* **Problem description**
Only the pictures are to be left out; please reproduce everything else in the data exactly.

* **Records to use**
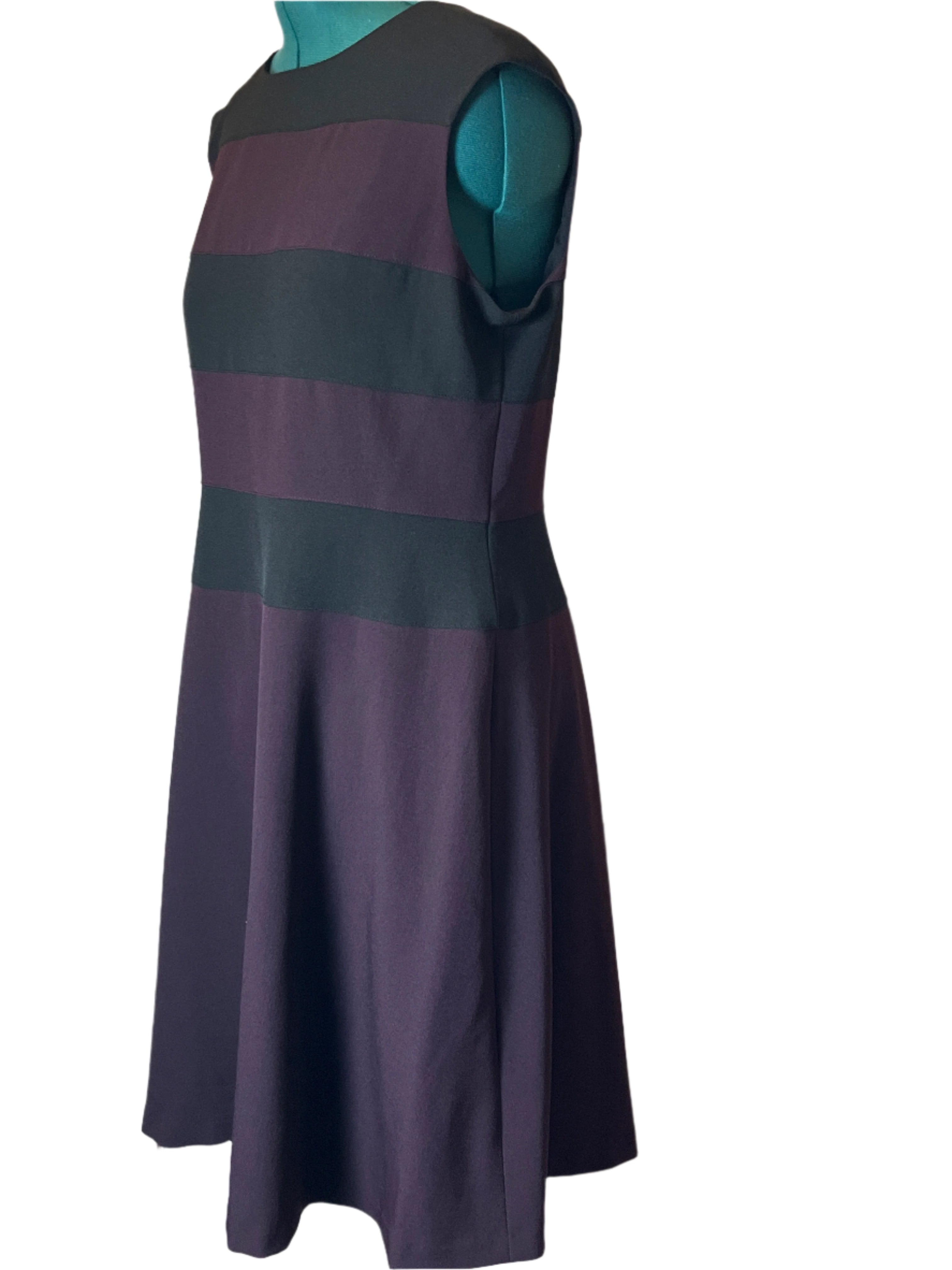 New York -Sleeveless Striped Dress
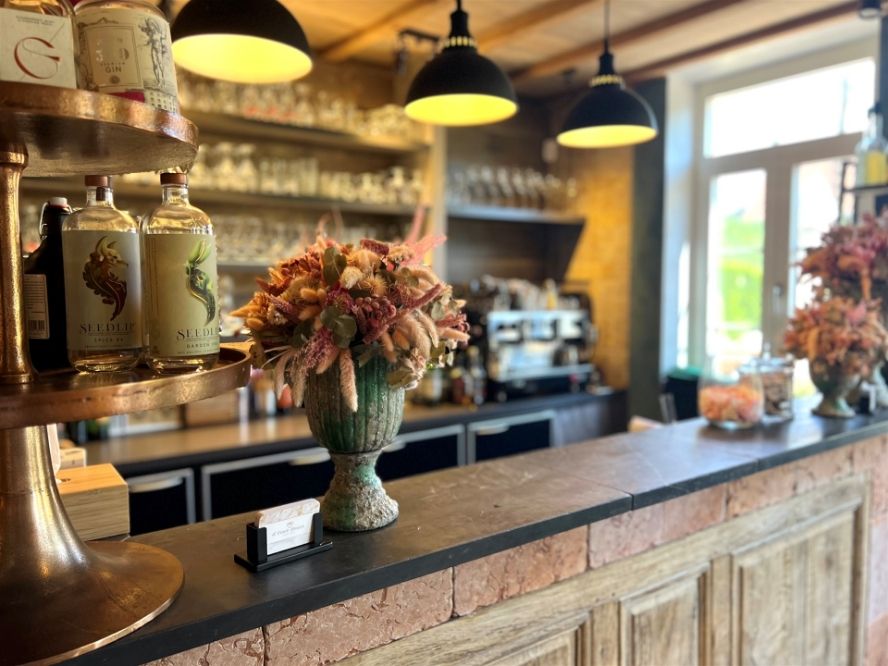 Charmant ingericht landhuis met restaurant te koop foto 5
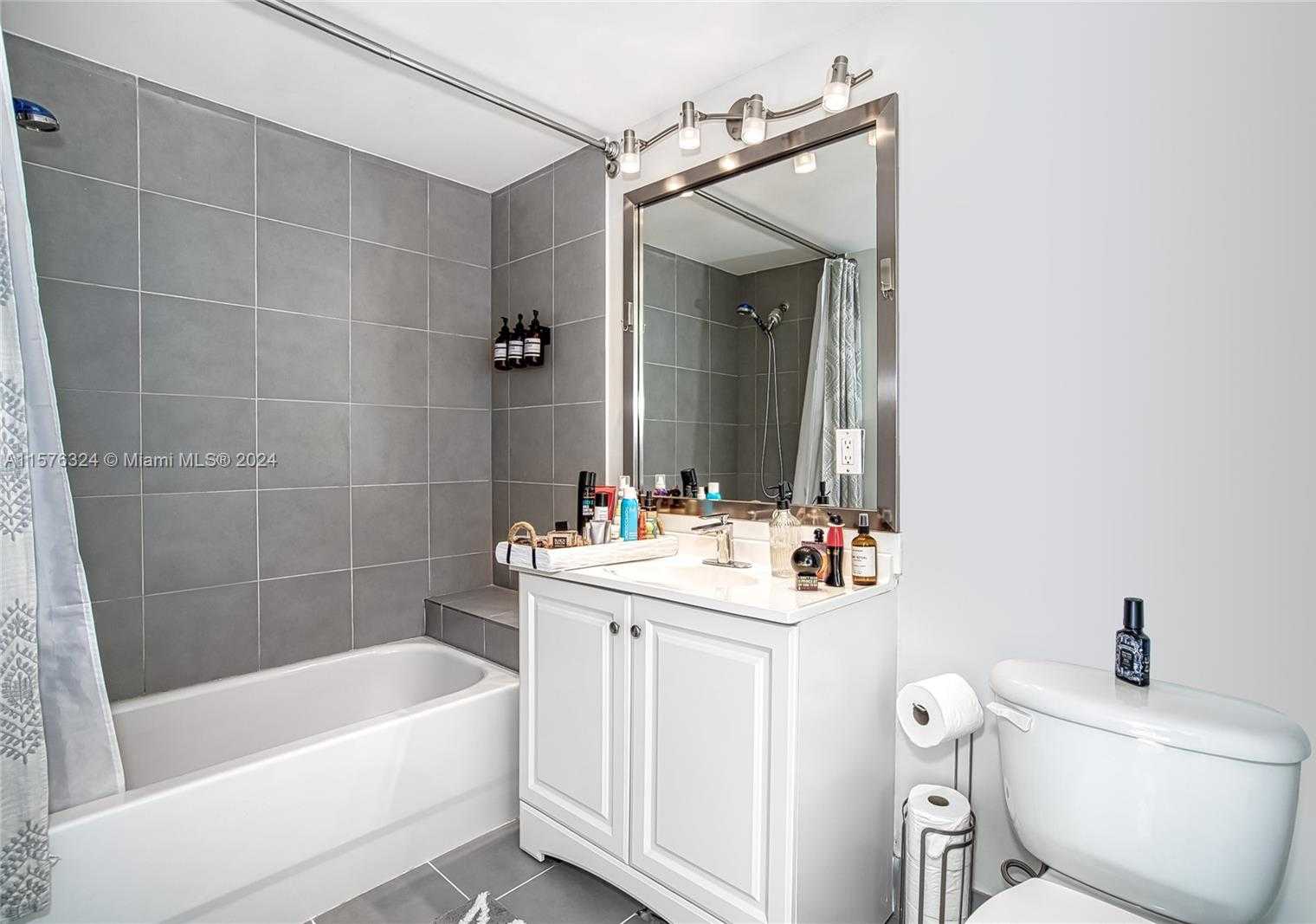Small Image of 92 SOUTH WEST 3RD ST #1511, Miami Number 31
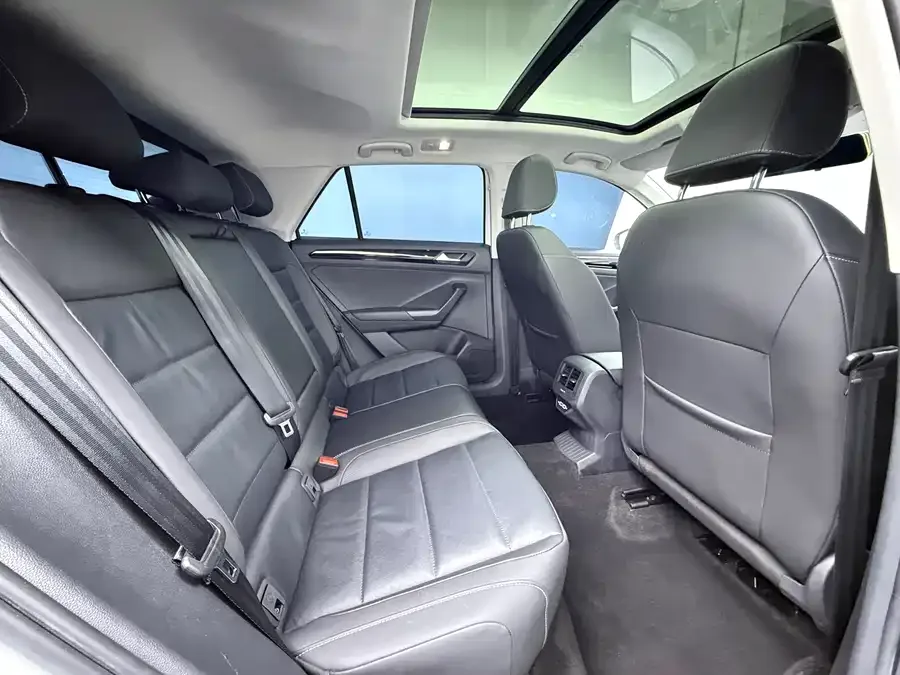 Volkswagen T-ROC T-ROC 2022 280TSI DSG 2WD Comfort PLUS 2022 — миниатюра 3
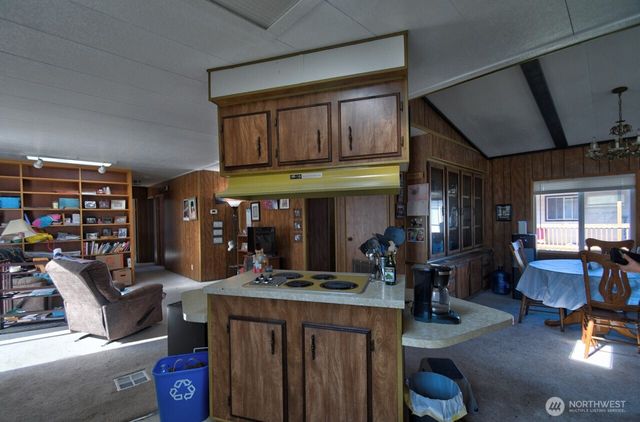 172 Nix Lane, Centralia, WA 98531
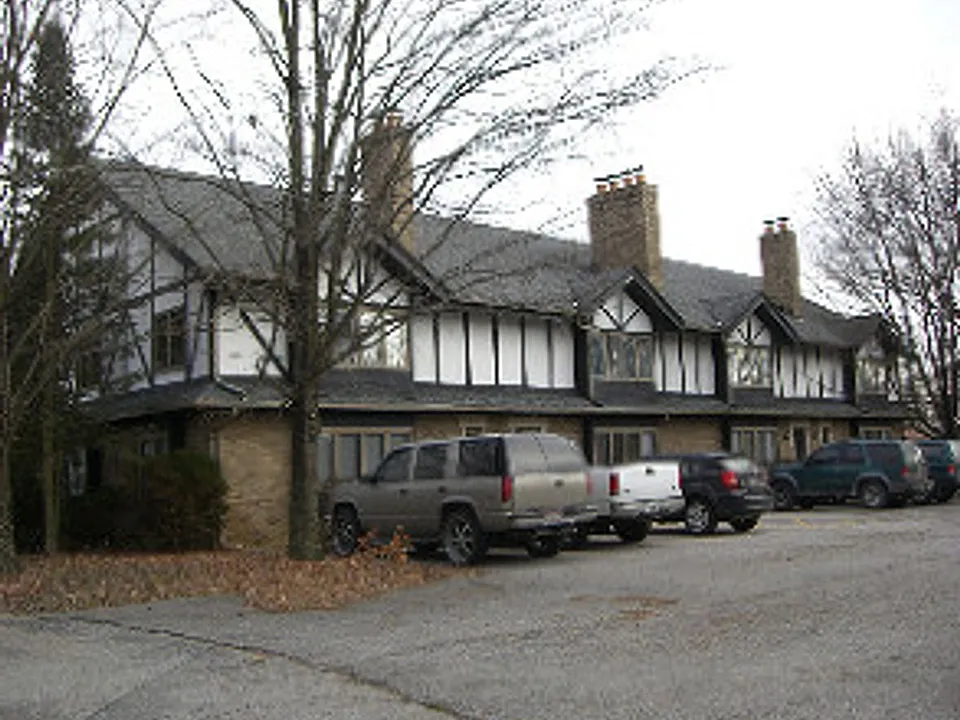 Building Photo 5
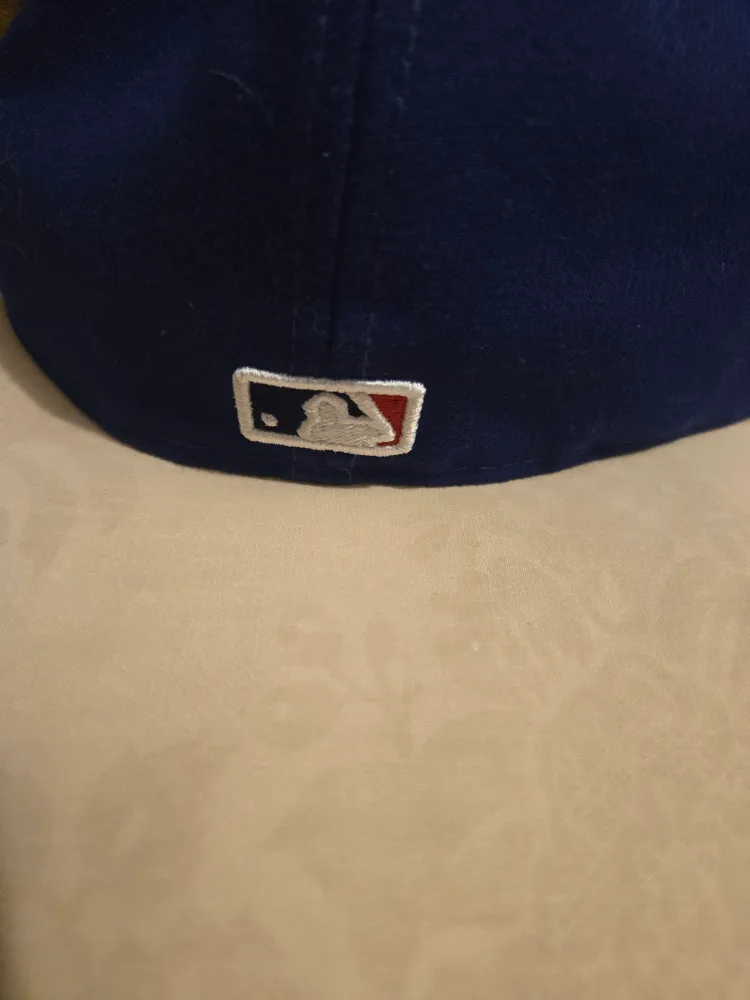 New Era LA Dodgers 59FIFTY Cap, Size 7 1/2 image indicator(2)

* **Answer for this exercise**
 New York -Sleeveless Striped Dress
 Charmant ingericht landhuis met restaurant te koop foto 5
Small Image of 92 SOUTH WEST 3RD ST #1511, Miami Number 31
 Volkswagen T-ROC T-ROC 2022 280TSI DSG 2WD Comfort PLUS 2022 — миниатюра 3
 172 Nix Lane, Centralia, WA 98531
 Building Photo 5
 New Era LA Dodgers 59FIFTY Cap, Size 7 1/2 image indicator(2)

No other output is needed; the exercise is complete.